Il est devenu évident, aujourd'hui, que cette Constitution était porteuse de négativités fortes.
Par exemple, j'ai entendu récemment, et à plusieurs reprises, l'actuel Président proclamer : « J'ai décidé de... »
Semblable à ce qu'aurait pu dire, et que disait à l'époque, Louis XIV !
Il n'y a aucune place pour le peuple dans une telle monarchie !
Cela avait été une motivation essentielle de mon vote négatif.
Le temps apparaît venu de mettre à l'ordre du jour, et sans tarder davantage, l'élaboration d'une nouvelle Constitution.
Je suis en accord avec André Bellon lorsqu'il considère que ce changement institutionnel ne soit pas instrumentalisé par les responsables en place.
J'ajoute : ni par ceux qui ne le seraient pas encore, « en place ».
Pour que cela soit, c'est le peuple lui-même qui doit élaborer le texte de la nouvelle Constitution.
La délégation de pouvoir, qui a fait aussi la preuve de sa négativité, ne peut en être le moyen !
Il m'apparaît que la première urgence, en l'occurrence, est d'engager un vaste débat national dont les modalités elles-mêmes seraient préalablement définies dans les entreprises, les quartiers, les villages.
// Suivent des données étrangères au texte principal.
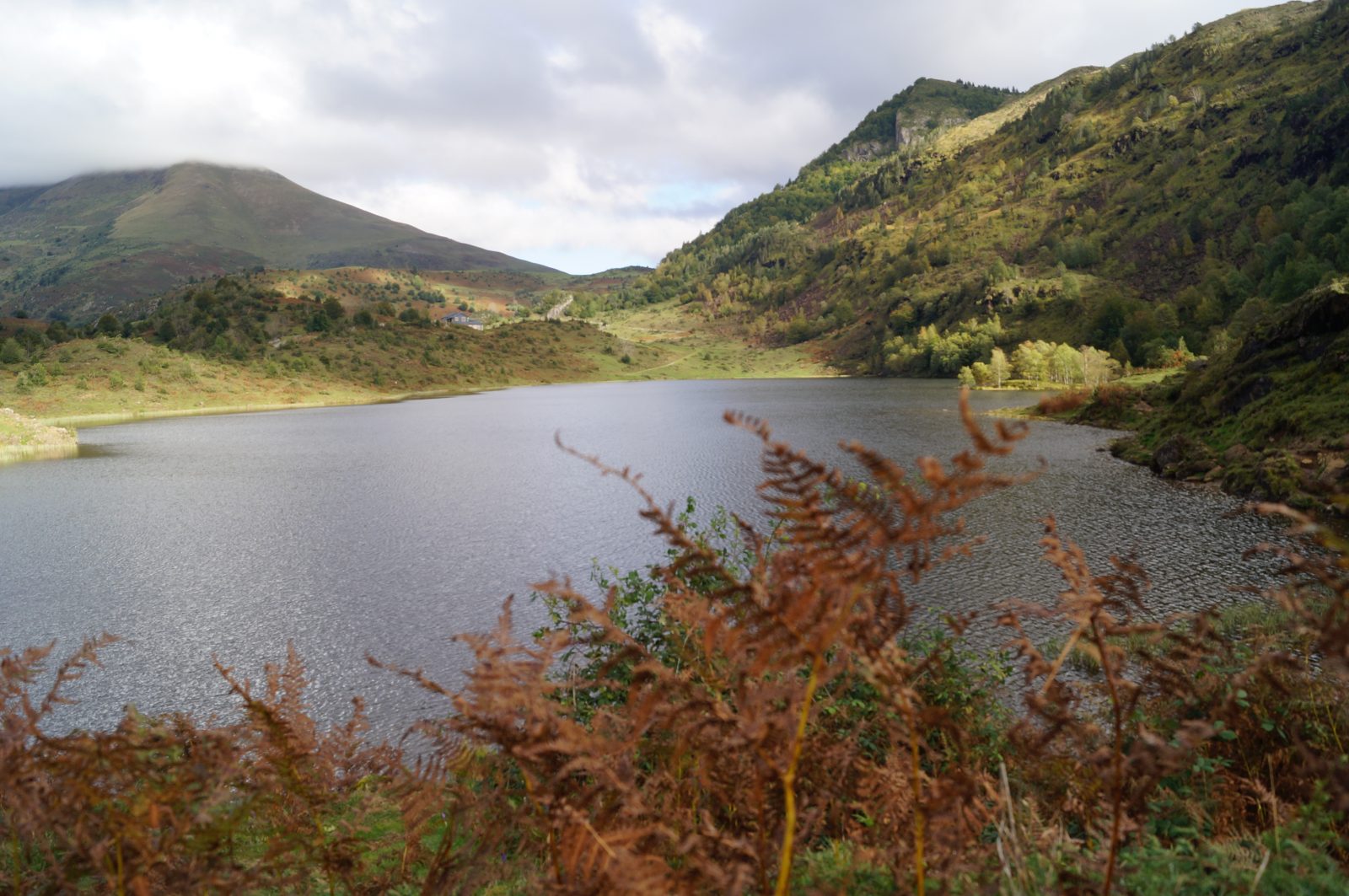 Parcours Faune et Flore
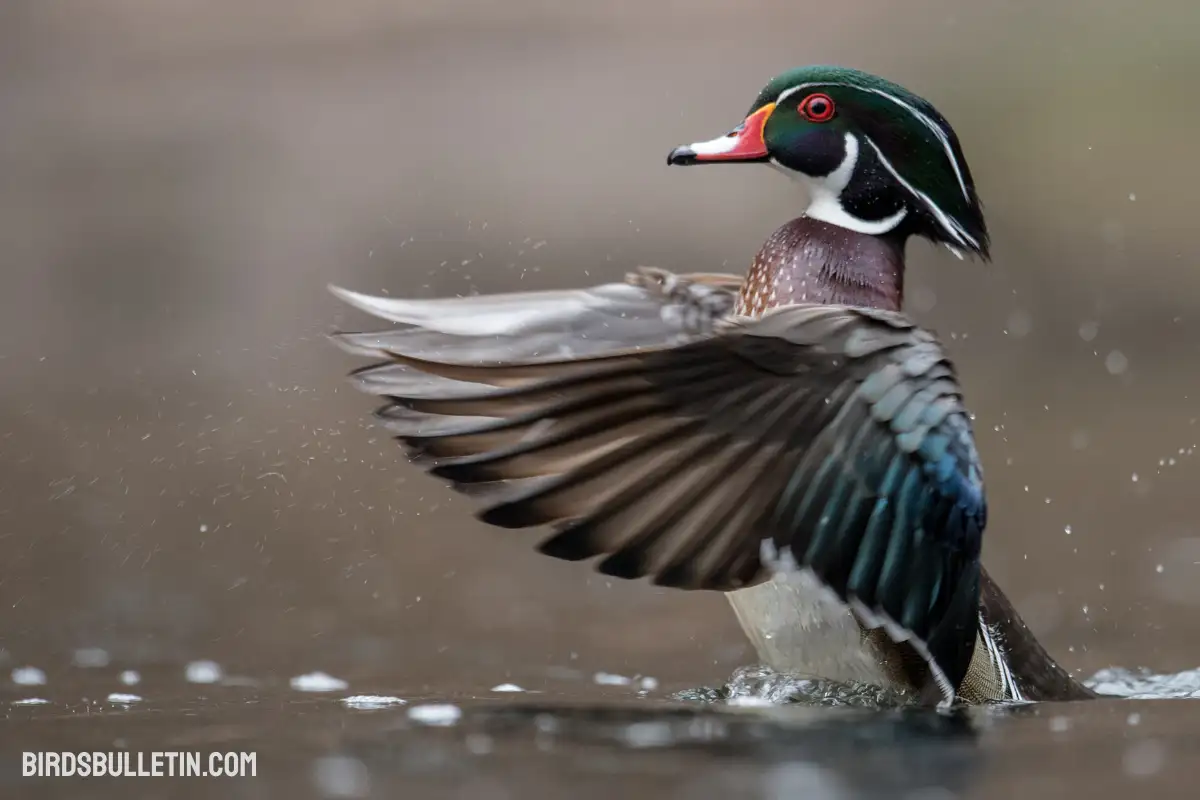 Wood Duck Overview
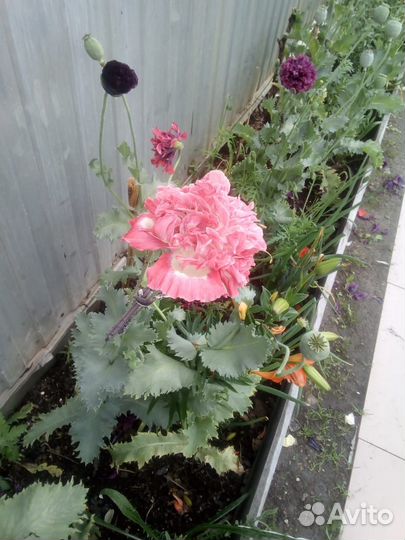 Семена мака пионовидного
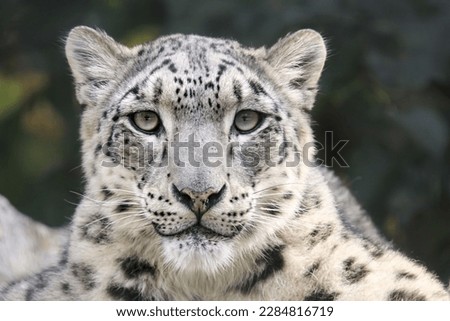 Cute wild animal white tiger with shallow depth of field 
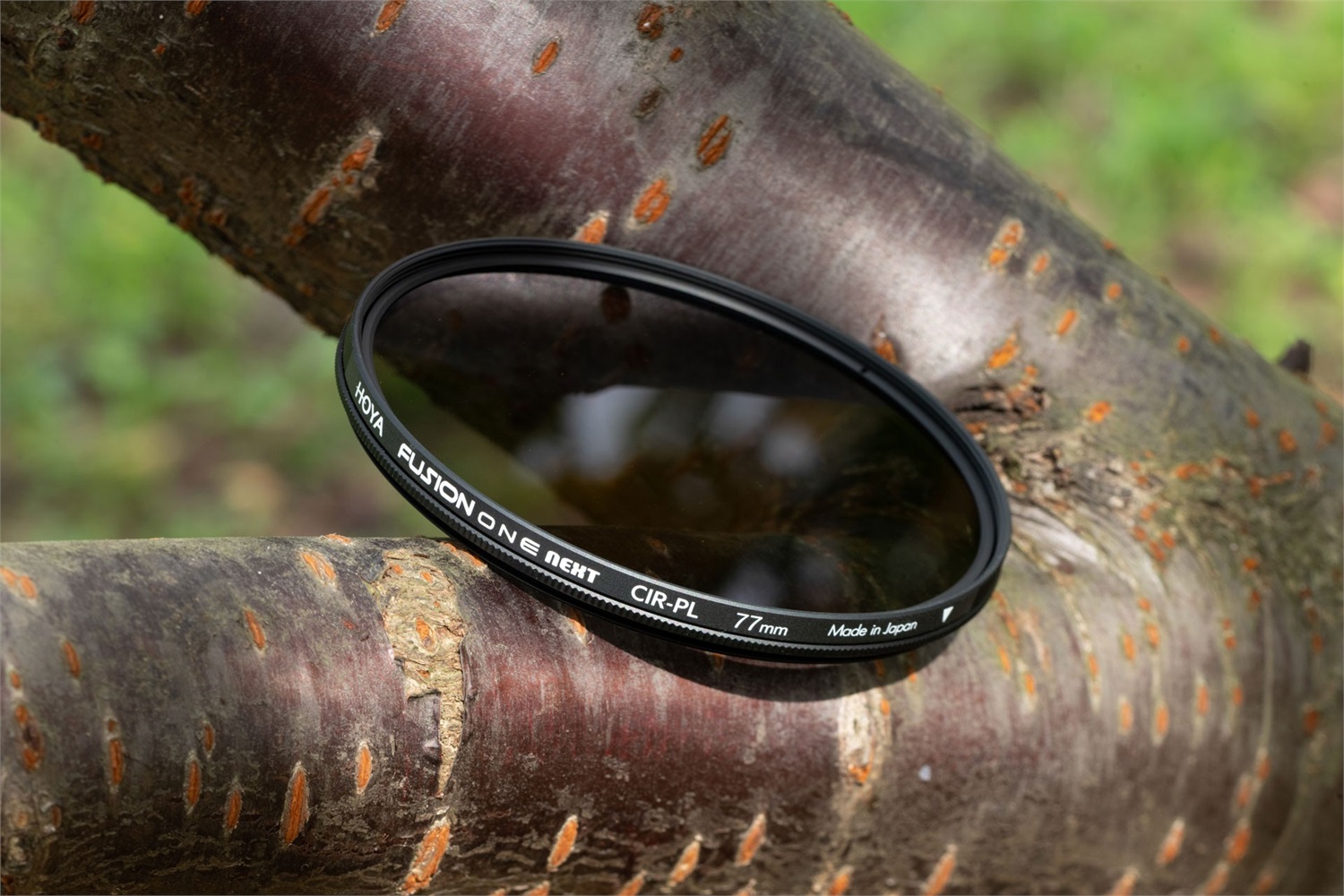 Hoya Filtro Polarizzatore Circolare Fusion ONE Next 62mm - Vetro Ottico, Rivestimento Antimacchia e Idrorepellente, Alta Trasmissione della Luce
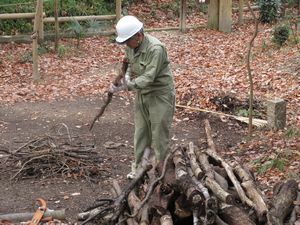 枝や木の整理を行っている様子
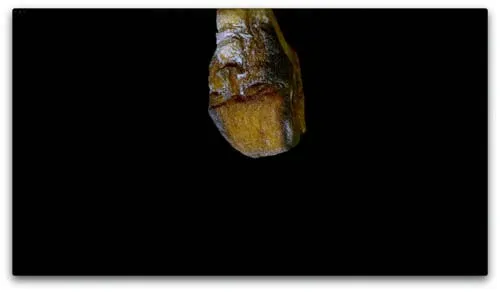 Der rotierende Kutscher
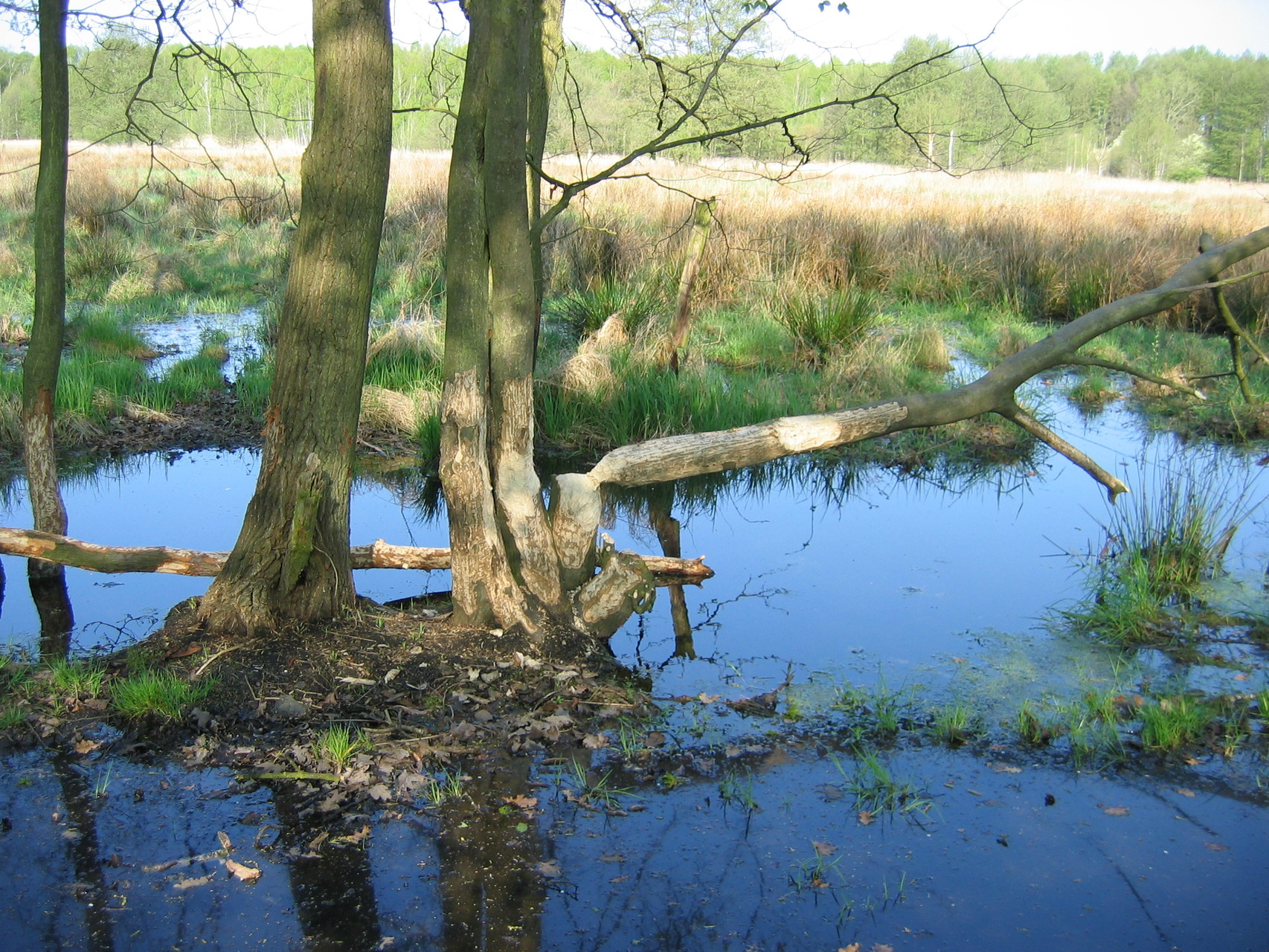 Nasswiese im Mahlpfuhler Fenn; Foto: Michael Wetzel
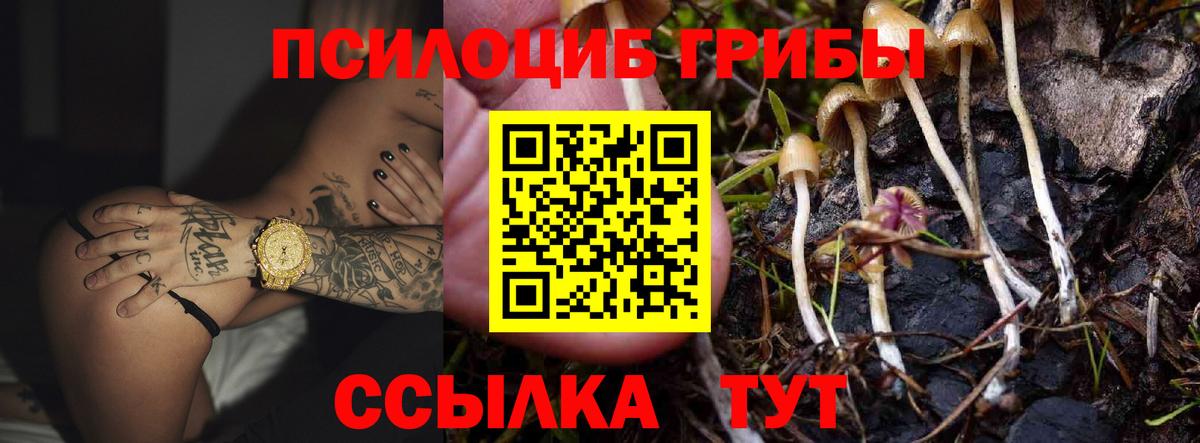 Ликино-Дулёво  Псилоцибиновые грибы Psilocybe  Вход с VPN 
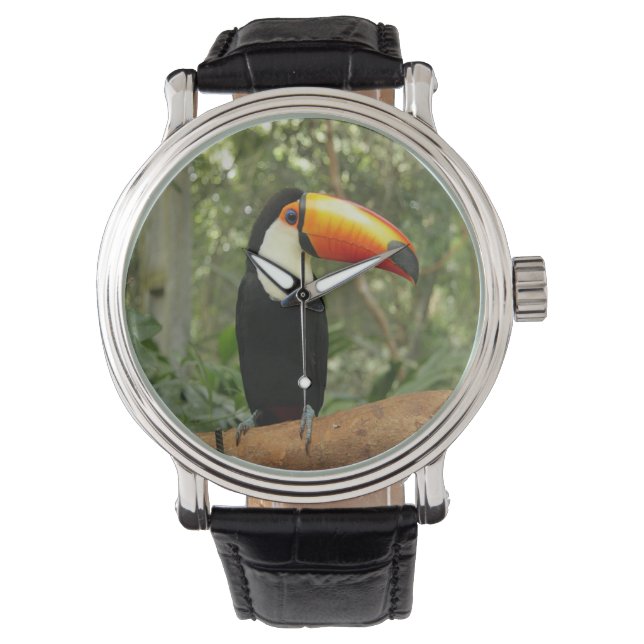 Toucan on tree branch watch (Front)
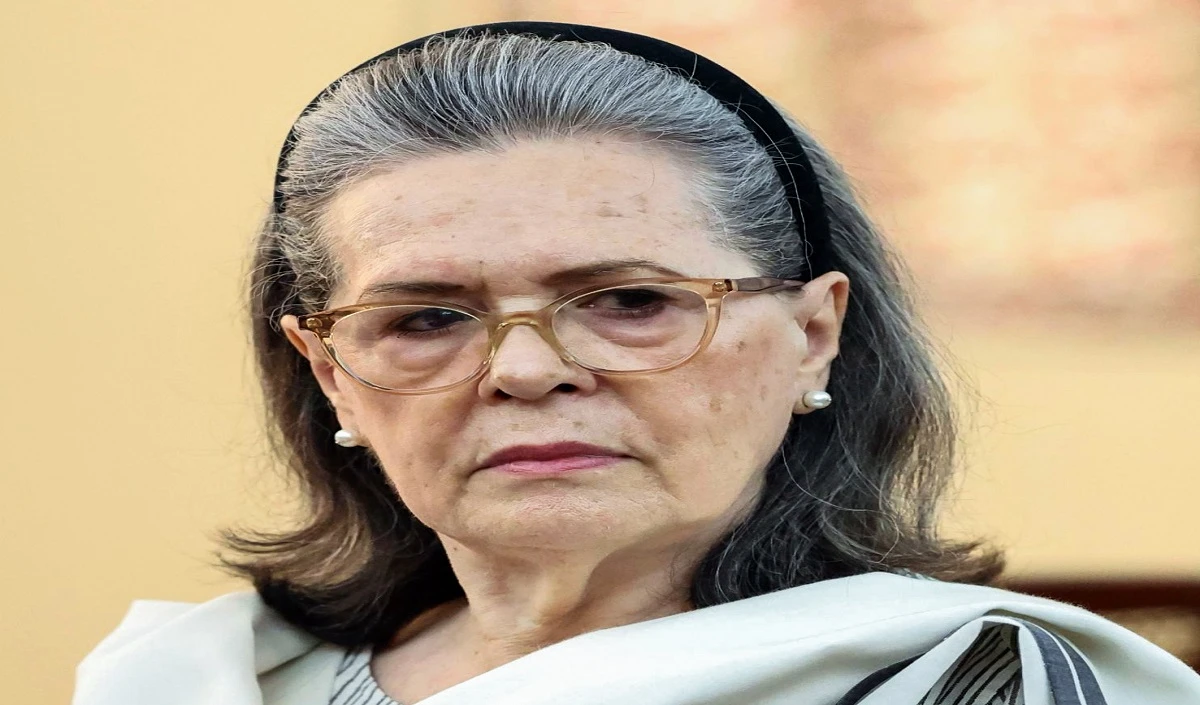 sonia gandhi large 1901 8.webp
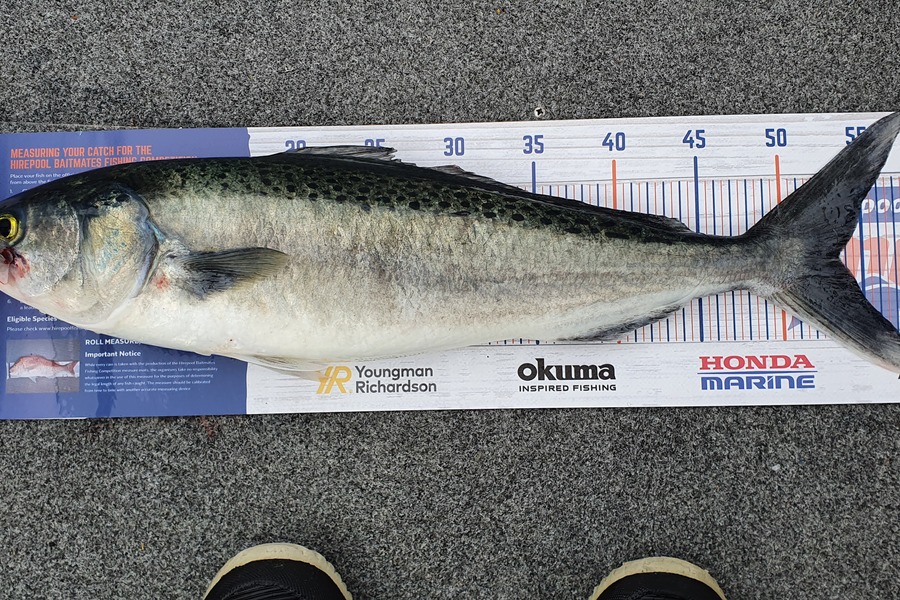 Simon Roberts caught this 53.5cm Kahawai at North side of Rangitoto during The Hirepool Baitmates Fishing Comp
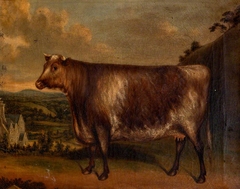 'Lunette': Prize Cow,  Winner of the 1st Prize at Modbury, 1850 by George Edward Hysum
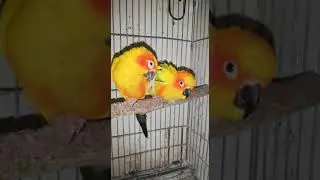 How to Take Care of Sun Conure  & breeding  pairs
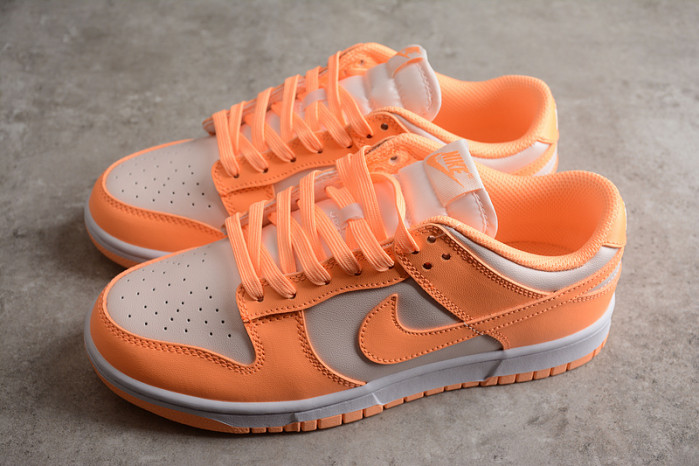 nike sb dunk low dd1503-801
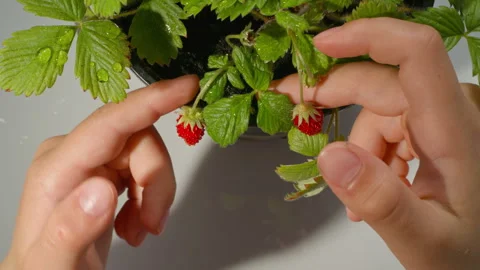 Close-up top view: child's hands exploring homegrown strawberries in pot Stock Footage 305600511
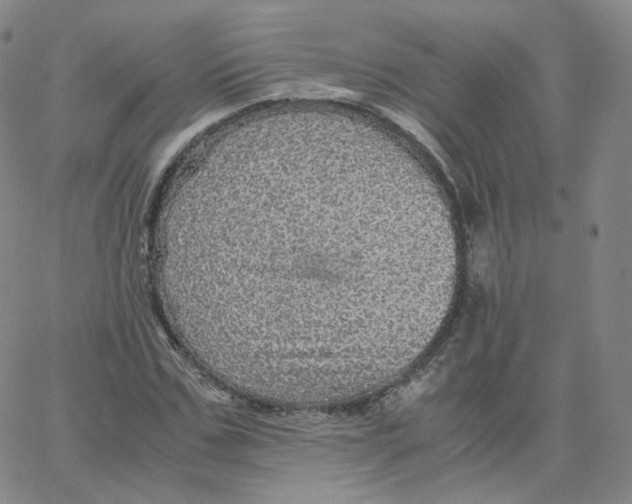 X0000065240971200603131059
J'insiste en particulier sur les entreprises, les lieux de travail.
C'est là où les salariés produisent le Capital, dont les salariés, entre autres, sont les premières victimes, Capital qui définit, en fait et au final, toutes les caractéristiques de la société, son Etat, l'ensemble du système capitaliste !
C'est lui, le Capital qui, en fait, a établi aujourd'hui la preuve de sa négativité, en même temps que celle du régime qu'il a mis en place !
Ces débats, à la base, auraient une double vocation :
  • Un vaste échange d'idées sur le contenu de la nouvelle Constitution ;
  • Une centralisation de ces idées par la désignation, en ces débats de base, de délégués qui devraient ensuite se réunir, en différents niveaux successifs, jusqu'au niveau national.
Et c'est donc, au final, au niveau national, que les délégués désignés mettraient au point le texte du projet de Constitution lui-même.
Et c'est ce texte lui-même, élaboré par le peuple lui-même, qui pourrait être soumis globalement à ratification par le peuple lui-même !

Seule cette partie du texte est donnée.